As mentioned in the previous article, the name of the game is buy low, sell high, which is how it's always been in the commercial world. The other major point to keep in mind is cash flow. If you're considering taking the Craigslist merchant lifestyle to the next level, or you think your un/underemployment state is here to stay, these are the two incredibly important elements to bear in mind throughout every transaction. 

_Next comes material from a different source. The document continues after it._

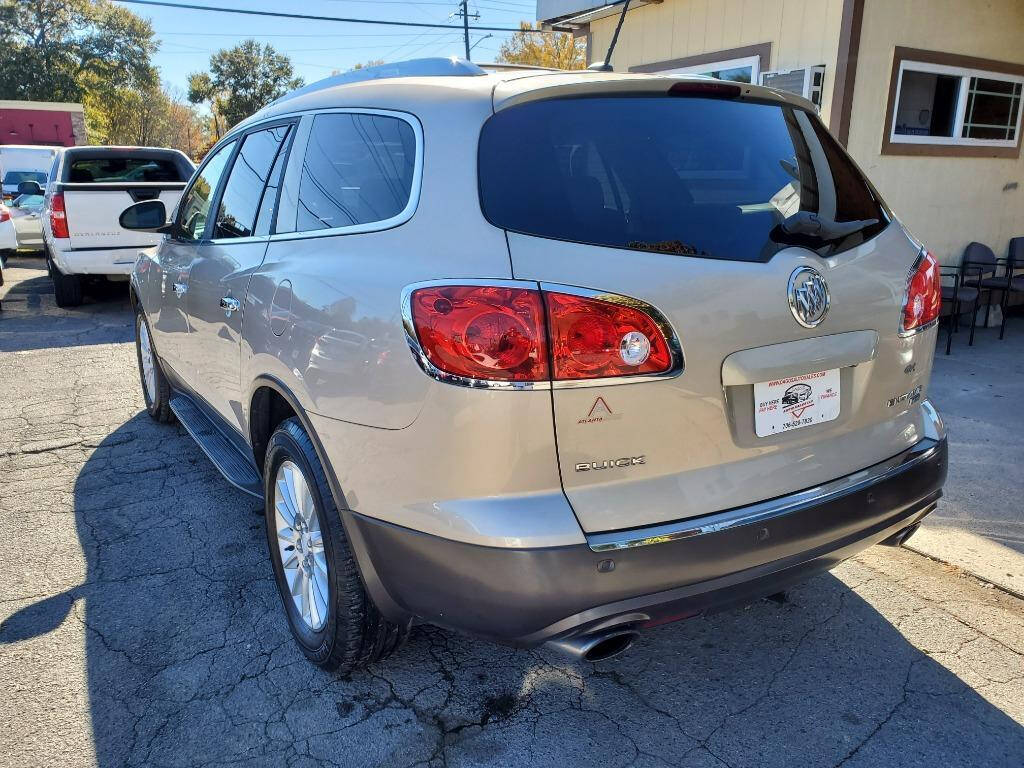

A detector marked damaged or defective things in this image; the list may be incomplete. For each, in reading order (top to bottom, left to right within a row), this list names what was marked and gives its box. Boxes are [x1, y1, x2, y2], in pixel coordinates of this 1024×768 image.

cracked asphalt [2, 253, 1024, 768]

When it comes to developing inventory, remember the following:

1) Choose a niche: Or two, or three. Depending on how well rounded of person you are, you may feel comfortable selling a range of different products. The theory is that as long as you select a niche you're interested in, 1)  you won't pay someone more than this or that item is worth, 2) you won't invest in something you don't believe in (ie, you'll be able to sell it effectively, if the need to sell arises), and 3) you won't burnout and find yourself with an inventory you can't bring yourself to effectively get rid of. If you're into music, educate yourself on the value of products in demand. eBay is an excellent resource for this, as you can investigate what people are willing to pay for a variety of items by specifying "completed listings". And remember to only purchase from someone an item you know can be sold. If that Michael Buble CD is something that can be bought for $2 at a used record store, don't  pay $5 and hope to sell it for $10. Instead, focus on the highly commercial elements in your niche. A good investment would be if you come across a collectible vinyl record at a yard sale for $.75, and someone paid $20 for that same record on eBay last week, then go for it. 

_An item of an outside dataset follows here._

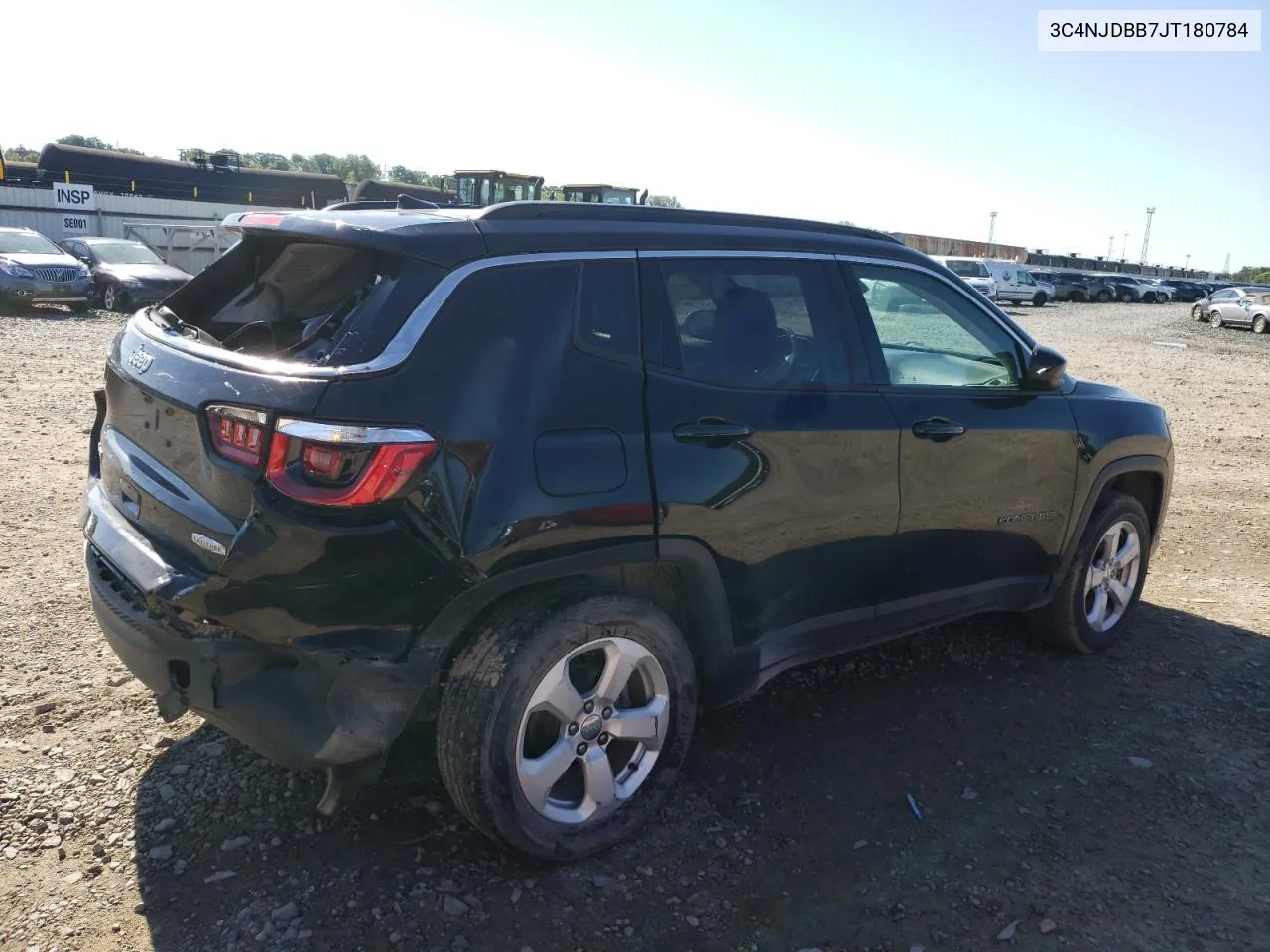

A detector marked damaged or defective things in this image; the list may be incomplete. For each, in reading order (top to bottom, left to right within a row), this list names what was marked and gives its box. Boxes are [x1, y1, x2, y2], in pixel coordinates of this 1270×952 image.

damaged rear bumper [85, 488, 433, 770]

2) Find the goods: Everyone and their brother has access to a computer nowadays. Meaning, if you see an 64GB  iPad in your town selling for $50, then a million other people have seen that same post. Don't get me wrong, monitor the marketplace, but don't rely completely on it for your merchandise. The unusually good deals are exactly where you'd expect to find them:

-yard sales

-college dump-and-runs

-estate sales/auctions

-mom and pop shops (where negotiation is encouraged)

-pawn shops

If you can't find good deals, then you aren't looking in the right places. 

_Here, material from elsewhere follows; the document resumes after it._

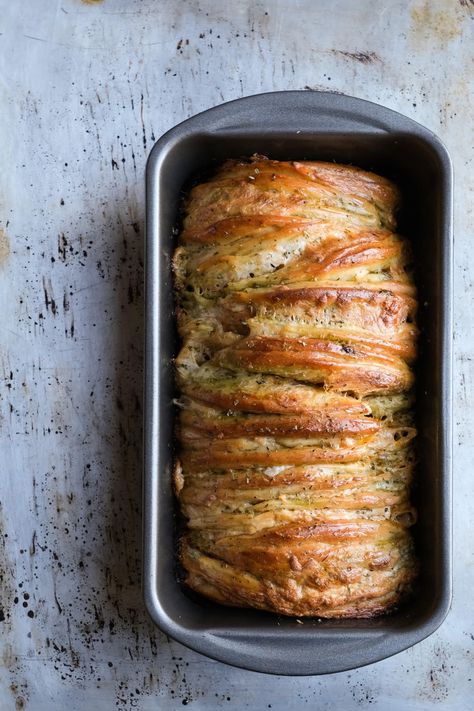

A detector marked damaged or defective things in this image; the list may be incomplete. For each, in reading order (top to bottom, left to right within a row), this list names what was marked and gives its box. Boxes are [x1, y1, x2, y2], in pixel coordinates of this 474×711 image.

3) Pricing: This is where it gets a bit hairy. You obviously have to mark your product up, otherwise you'll simply be treading water. If you see your prize widget in the store for $20, but find that it could sell for $50 online, what do you decide on? The answer is "it depends". One of the variables is when will you next come across that same widget? Is it collectible? Is it incredibly common? Clearly, if it is valuable or rare, and in demand (which means someone will pay money for it-remember, rare does not necessarily mean valuable), you have the opportunity to make a bit more, but the tradeoff is turnaround time. If you have a steady stream of goods coming in and can afford to wait to make that extra $50, $100, $500, then by all means, wait. On the other hand, if it's something you're likely to come across your next round through the pawn shops, then price it to move. Cash flow is king. It's better to make $5 three times today than wait to make $20 the day after tomorrow. The reason is that your $15  could have been put to work for another two days (an additional $30) by the time you 'held out' for that $20. 

4) Buying and Negotiating: This makes a lot of peoples' blood run cold. Every culture is different, and every set of family values is different. Some cultures (and families) believe that a very deal-centric process is ideal and will go as far as screaming and throwing things to get that deal while others are very relationally-oriented, valuing the manner in which that deal is conducted in order to preserve the relationship. The truth is, there are no hard an fast rules, and it's not possible to empirically prove which philosophy is "better". Personally, if an item is priced well (meaning I can make at least  10% and still sell in a reasonable timeframe), then I will ask the seller once "if he/she'd be willing to sell for less", and then will either buy or not buy. If it's priced according to the fair market value or above, I'll ask no more than three times for any reason. As a personal rule, whatever price I have at request number three is what I walk away with.